From the article of the same title
USA Today (03/21/11) Cauchon, Dennis

Medicine, Drugs and Devices

Outcomes of Suture Button Repair of the Distal Tibiofibular Syndesmosis

Researchers reviewed the clinical and radiographic results of 24 patients with acute injuries to the distal tibiofibular syndesmosis who were treated with suture button fixation. Average followup was 20 months. The average AOFAS score was 94 points. Syndesmotic parameters returned to normal after surgery and remained normal throughout the followup period. One in four patients required removal of the suture endobutton device due to local irritation or lack of motion. Osteolysis of the bone and subsidence of the device into the bone was observed in four patients. Three patients developed heterotopic ossification within the syndesmotic ligament—one mild, one moderate, and one who had a nearly complete syndesmotic fusion.
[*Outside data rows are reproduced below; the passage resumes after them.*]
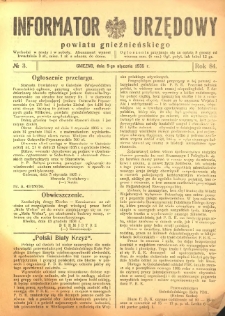 Informator Urzędowy Powiatu Gnieźnieńskiego 1935.01.09 R.84 Nr3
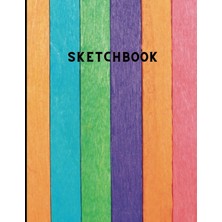 MUJGAN Colorful Sketchbook: Must-Have Sketchbook For Young Designer, 110 Blank Pages, Size 8.5 x 11 Inches.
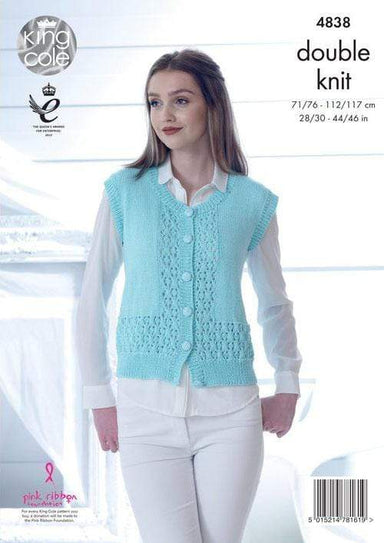 King Cole Patterns King Cole Cottonsoft DK - Tops (4838) 5015214781619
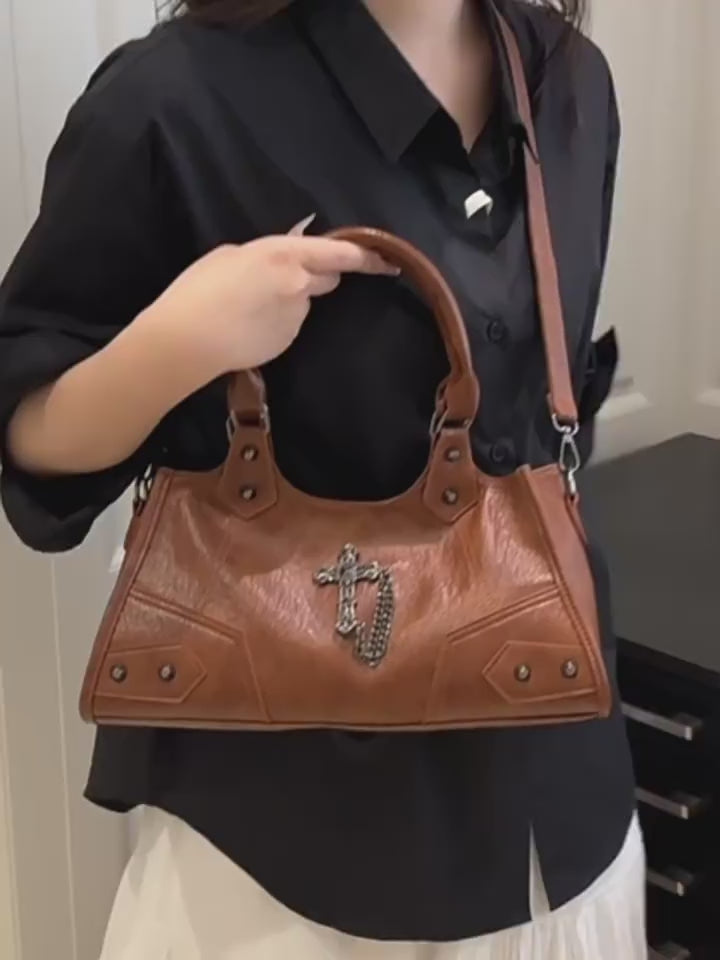 Gothic Cross Hobo Bag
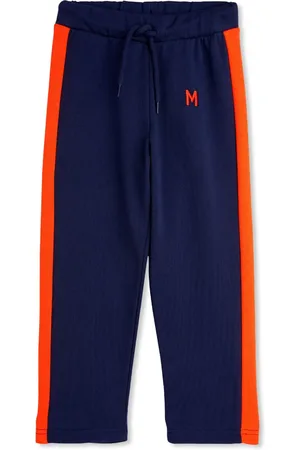 Mini Rodini Pantalon de jogging à logo brodé
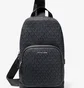 Сумка мужская Michael Kors Mens Cooper Logo Sling Pack Black 37S1LCOY1B-ADMRL-PLBLUE-47039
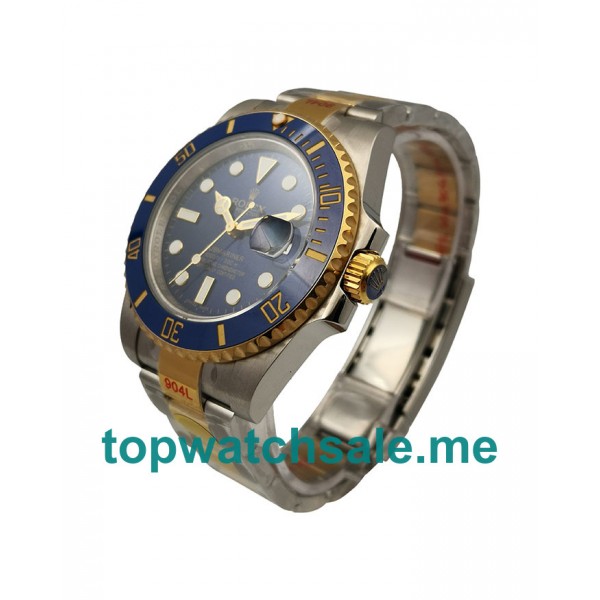 UK Best Quality Rolex Submariner 116613 LB JF Replica Watches With Blue Dials For Men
From the article of the same title
Foot & Ankle International (03/11) Vol. 32, No. 3, DeGroot, Henry; Al-Omari, Ali A.; El Ghazaly, Sherif Ahmed
Web Link - May Require Paid Subscription

Video Games in the OR? Doctors Say New Technology Makes Surgery More Efficient

Doctors in Toronto are using Xbox Kinect to gain hands-free access to medical images during surgical procedures. The device allows doctors to use hand gestures to zoom in and out or freeze images without having to leave the operating table. Otherwise, doctors have to use nearby computers to view images, requiring re-sterilization procedures before returning to the operating table, a process that can take up to 20 minutes. The use of the Xbox saves time, and keeps the doctor’s attention focused on the surgery. While some surgeons have assistants consult the images and report back to them, having the surgeons view the images directly allows them to be more precise.